Tom Suozzi speaks at a press conference held at the...

Tom Suozzi speaks at a press conference held at the Nassau County Democratic Headquarters in Carle Place. (October 12, 2013) Credit: Steve Pfost

To understand why Thomas Suozzi is the right man to lead Nassau County into the future, consider the past. Suozzi, a Democrat, became county executive in 2002, replacing Thomas Gulotta, the Republican whose 14-year tenure ran the county into the ground. Nassau's books were a disaster, and even a $100-million bailout from Albany and the creation of a state control board to oversee county finances didn't turn things around.
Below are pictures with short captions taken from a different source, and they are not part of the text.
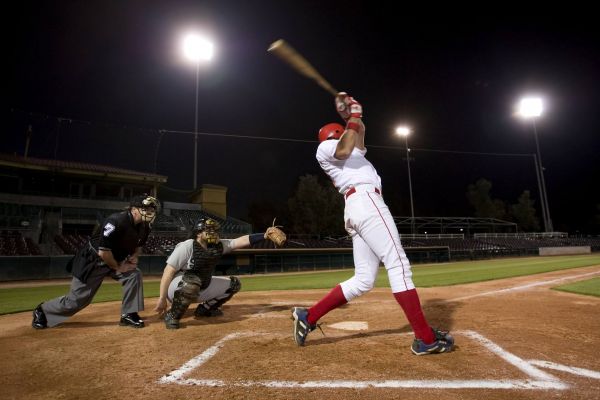 Baseball player in red uniform swings bat at night game, with catcher and umpire behind home plate.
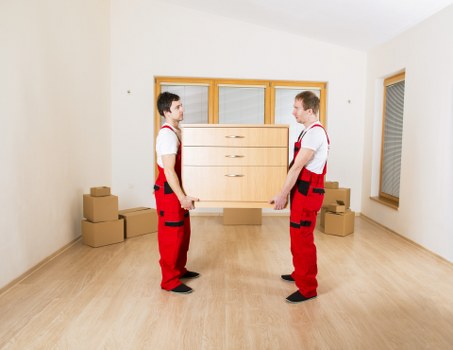 Removal van loading household items in a Hook property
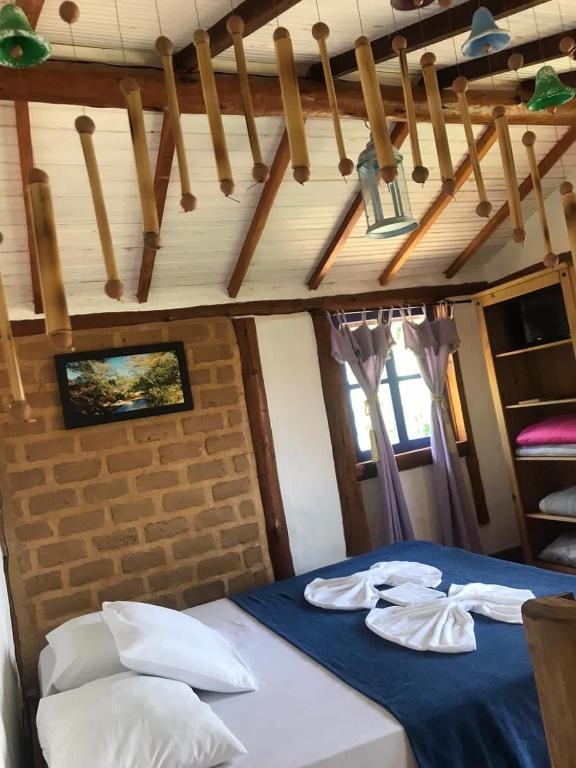 Postel nebo postele na pokoji v ubytování Pousada Villa Cachoeira
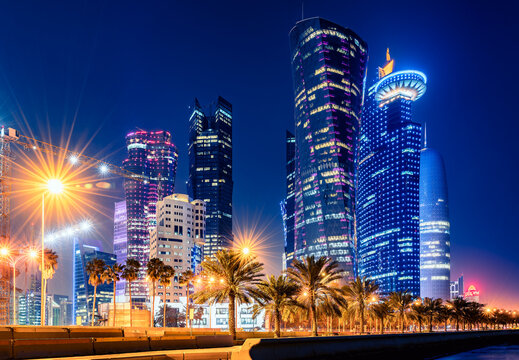 Night view in the city center of Doha, Qatar with many modern luxury buildings and skyscrapers illuminated with numerous lights.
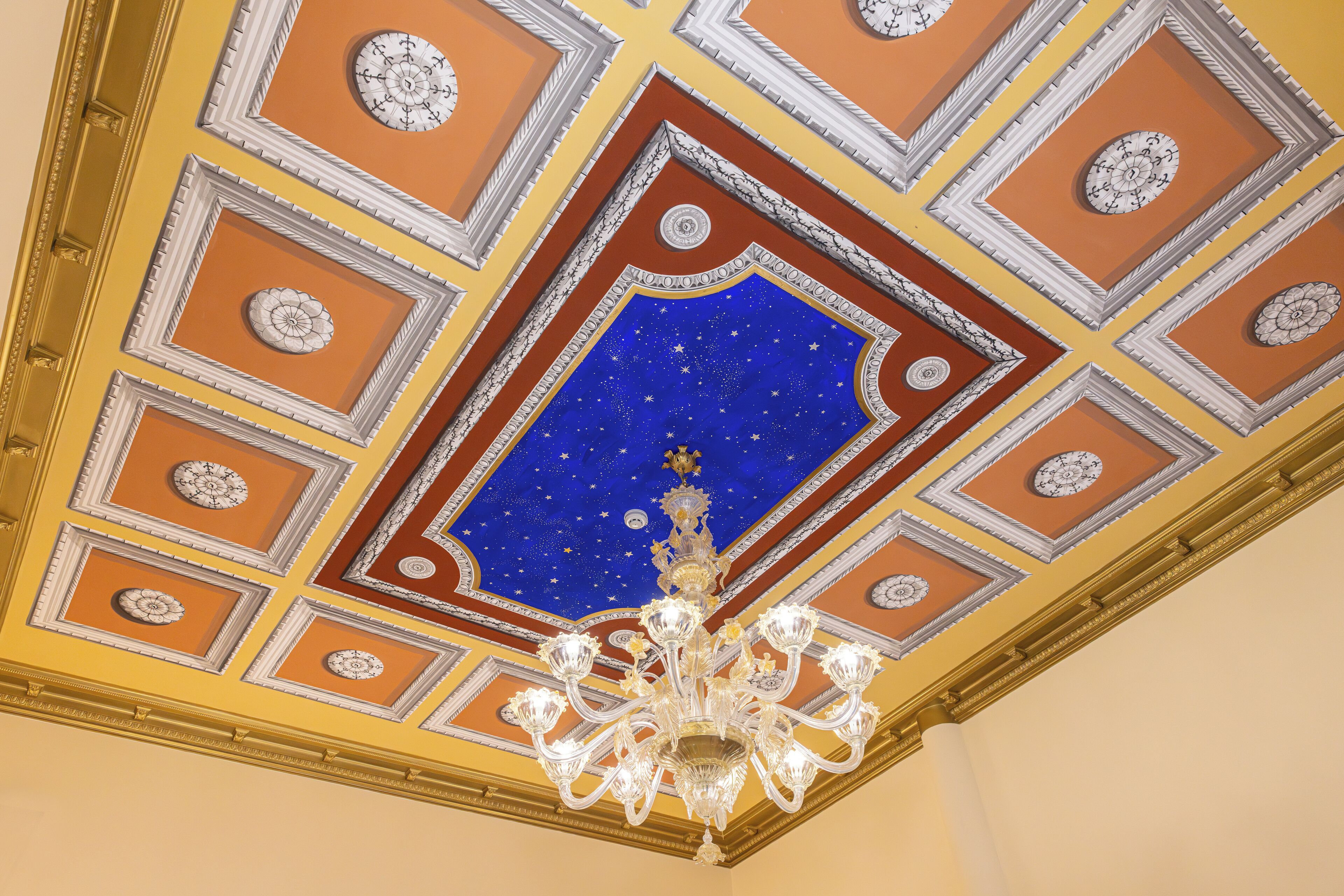Un plafond orné de motifs géométriques et d’un motif central représentant des étoiles.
Borrowing was out of control and cronyism was the determining factor behind decision making. Operations of the county were faltering, services failing, confidence crumbling. Perhaps worst of all, there was a sense that the days of greatness were in the past for America's earliest and wealthiest suburb.

Into this stepped Suozzi. Enthusiastic and energetic, he picked talented, professional managers. He attacked Nassau's financial problems with a property tax increase that was critically necessary, but he also streamlined operations, restored competence and created a plan to slow the annual glut of borrowing.

Beyond the nuts and bolts, Suozzi had a plan for Nassau that went beyond the stale, fearful mantras that froze it in the Eisenhower era. His plan encompassed transit-oriented housing and downtowns that young adults could love and afford.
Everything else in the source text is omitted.